■ ASSIGNMENT ■
Go to the line with "Students will then" in the records below, then output it and each following line exactly, up to and including the line with "If you had 200". Skip pictures and add nothing.

■ SOURCE MATERIAL ■
┌────────
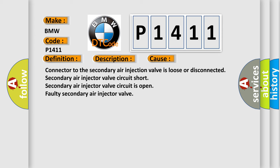Connector to the secondary air injection valve is loose or disconnected. Secondary air injector valve circuit short. Secondary air injector valve circuit is open. Faulty secondary air injector valve.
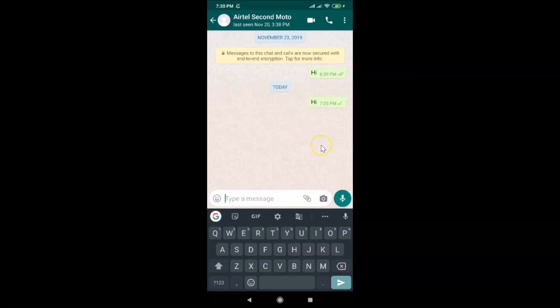So that's it - in this way you can easily use the Enter button to send messages in WhatsApp on Android. Thanks for watching! If you like my videos, please support this channel by subscribing. Thanks, bye bye!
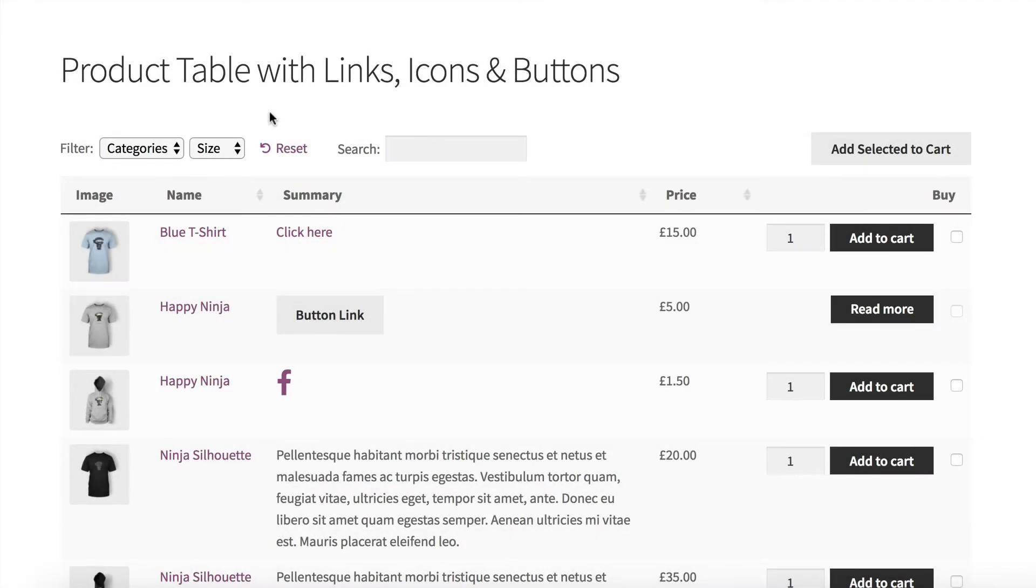Hi, I'm Katie, and this video is about how to add clickable buttons, links, and icons to the WooCommerce Product Table plugin.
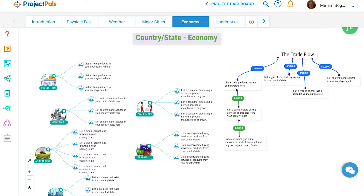Students will then deep dive into the economy, highlighting what goods and services are produced in the area, and complete a flowchart of which countries, states, and consumer segments are buying their goods.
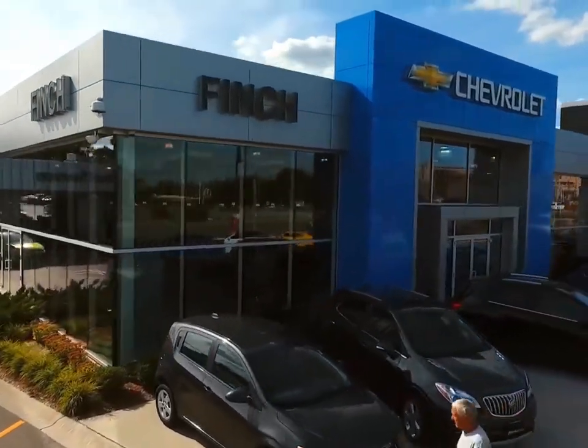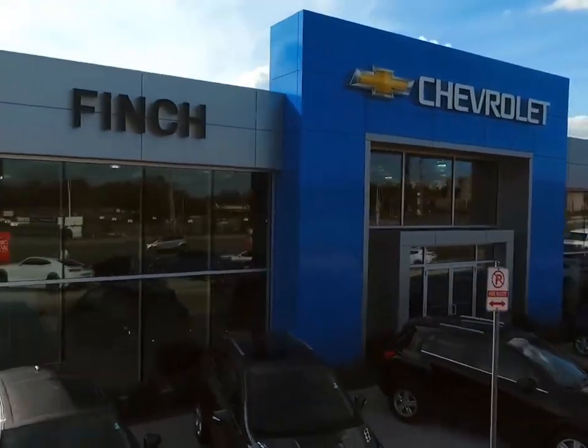Welcome to Finch Chevrolet. Today we're looking at a 2013 Chevrolet Corvette.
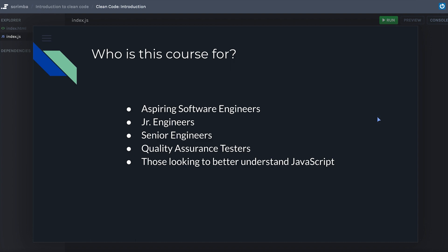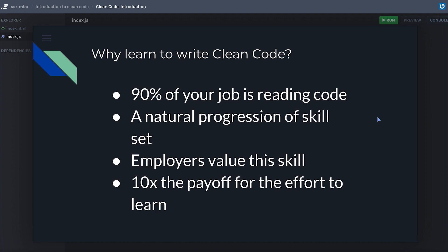Who's this course for? It's for aspiring software engineers — if you're just learning to code today, you'll come out a better developer. It's definitely for junior engineers; that's when I spent my time looking into clean code that my tech leads recommended. It's for senior engineers too — it surprises me how many senior-level engineers are senior just in years of experience and not in actual skill. It's also for people interested in quality assurance, since QA writes code too, and for those just looking to better understand JavaScript.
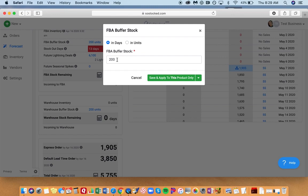If you had 200 units for a summer product, in the summer that might last you maybe five days, maybe two days, but in the winter it might last you 40 days.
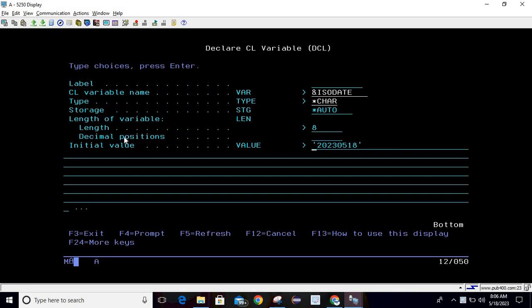In our previous sessions we used CHGVAR to assign the value, but this time I am assigning it directly. This is the date which is in ISO format. Then hitting enter.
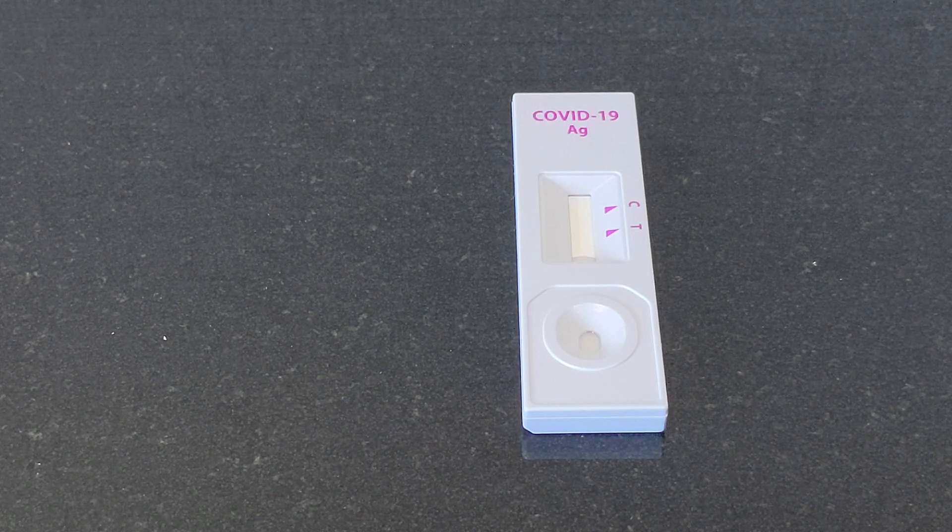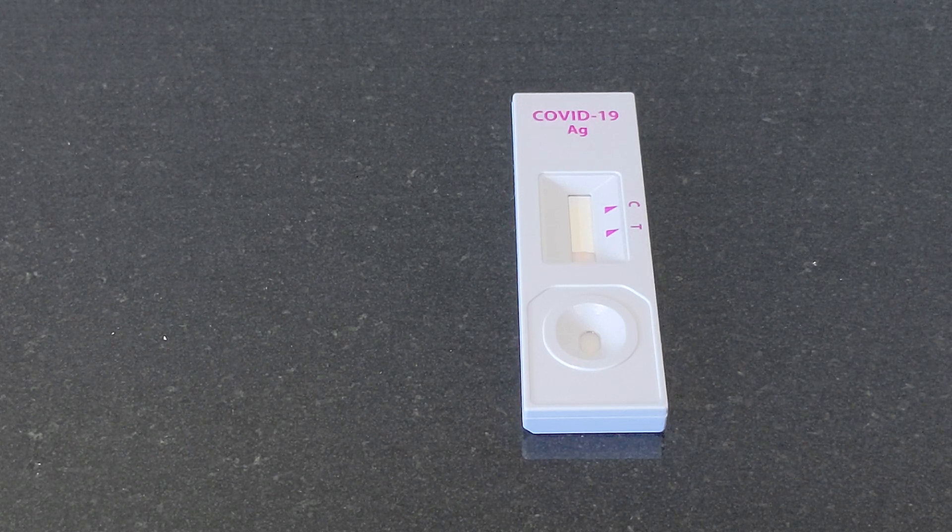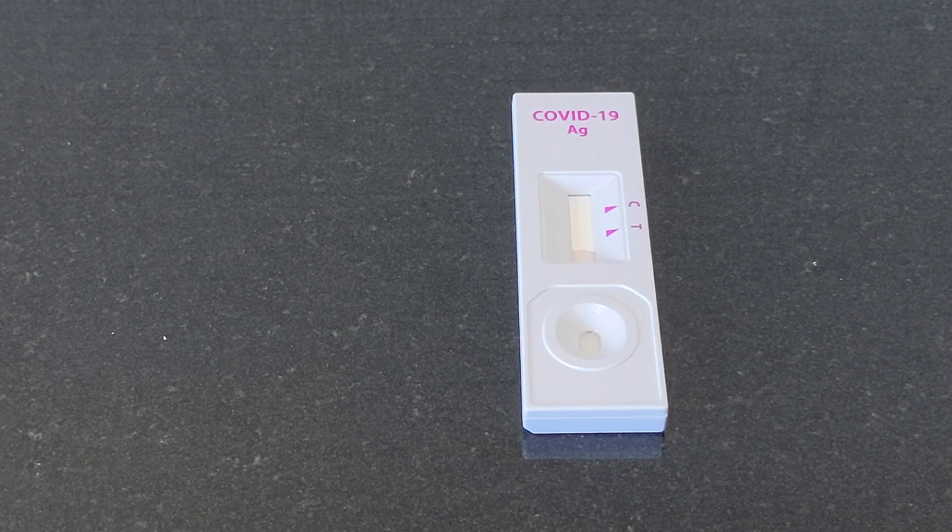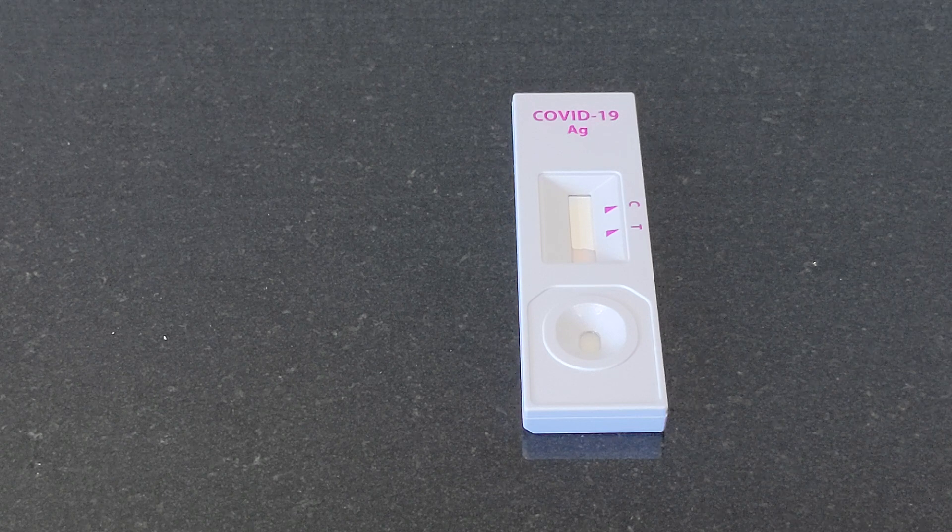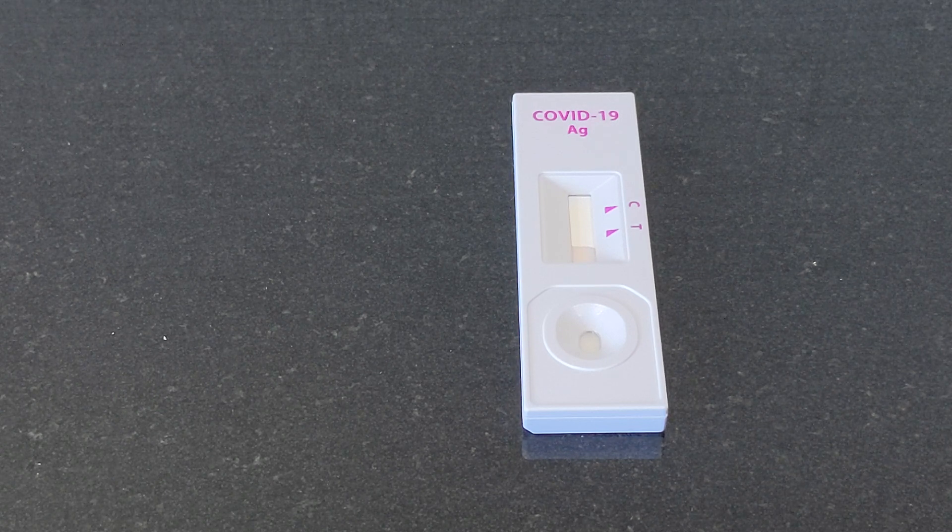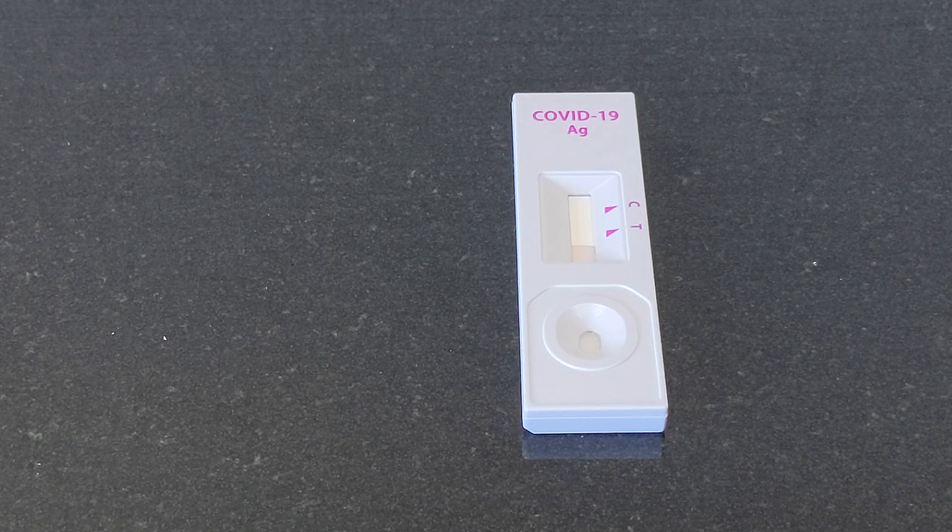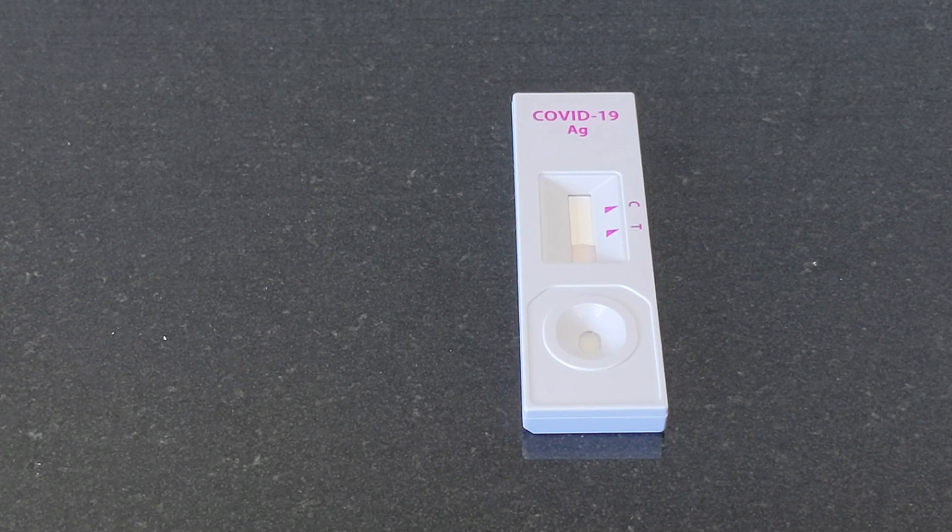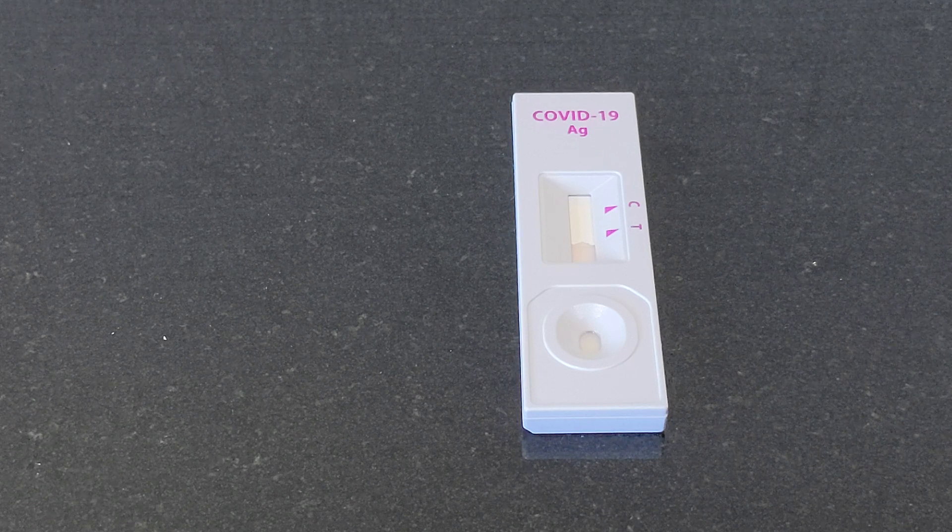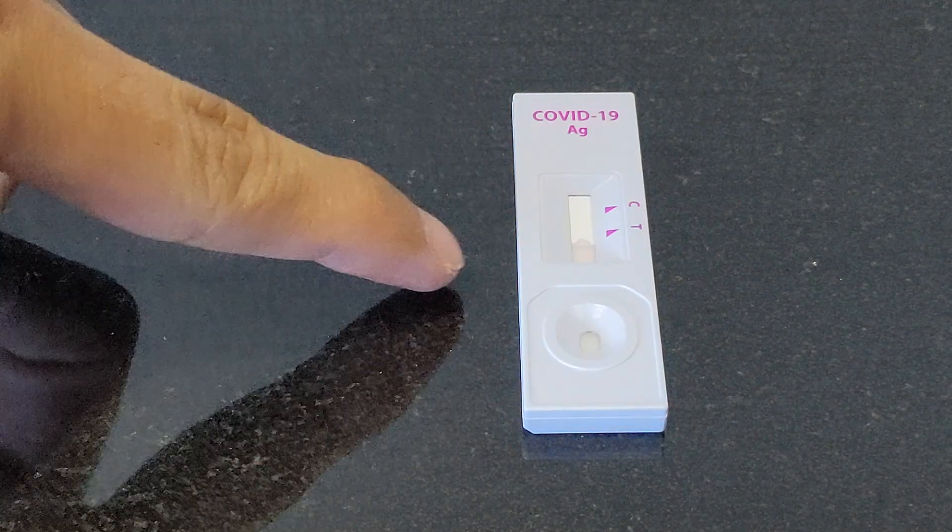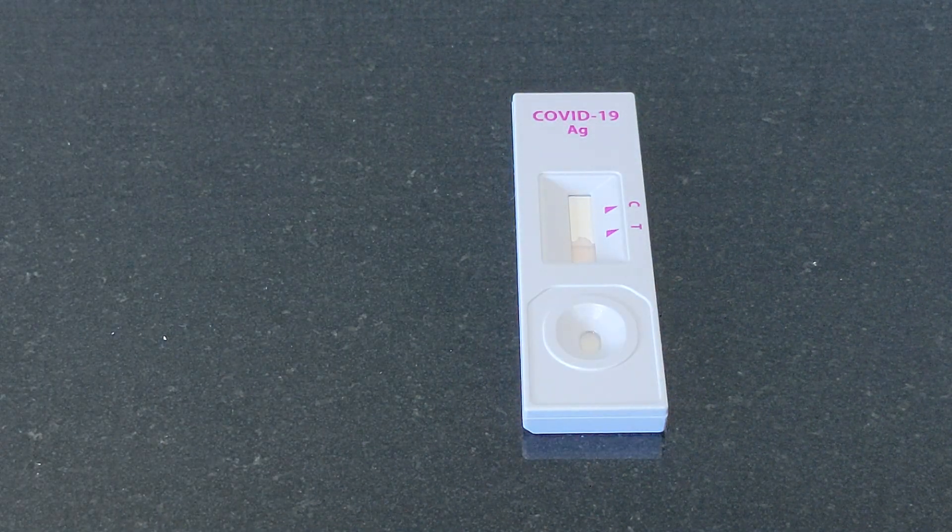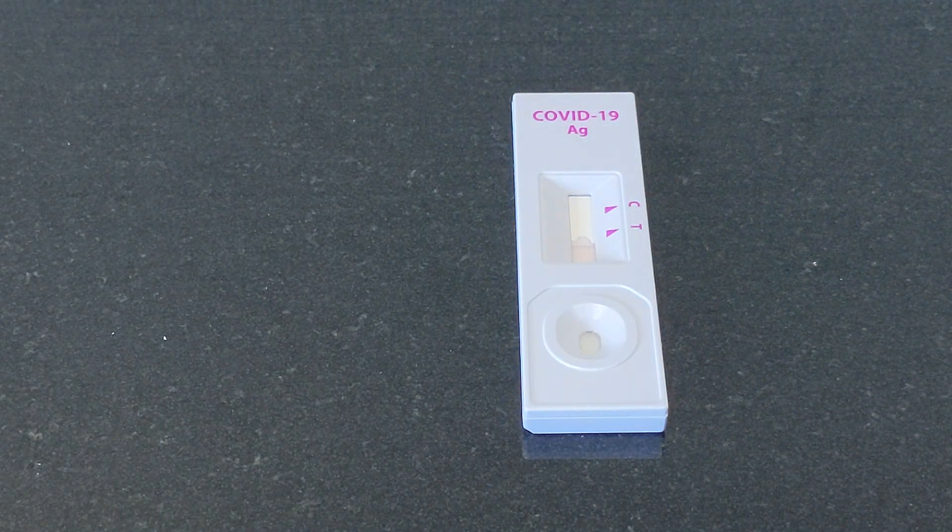So during the test, you will quickly see there will be one line on the T side. Then that means that you are... can you see that? Immediately you see the positive line.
└────────
■ TASK OUTPUT ■
Students will then deep dive into the economy, highlighting what goods and services are produced in the area, and complete a flowchart of which countries, states, and consumer segments are buying their goods.
Welcome to Finch Chevrolet. Today we're looking at a 2013 Chevrolet Corvette.
Who's this course for? It's for aspiring software engineers — if you're just learning to code today, you'll come out a better developer. It's definitely for junior engineers; that's when I spent my time looking into clean code that my tech leads recommended. It's for senior engineers too — it surprises me how many senior-level engineers are senior just in years of experience and not in actual skill. It's also for people interested in quality assurance, since QA writes code too, and for those just looking to better understand JavaScript.
If you had 200 units for a summer product, in the summer that might last you maybe five days, maybe two days, but in the winter it might last you 40 days.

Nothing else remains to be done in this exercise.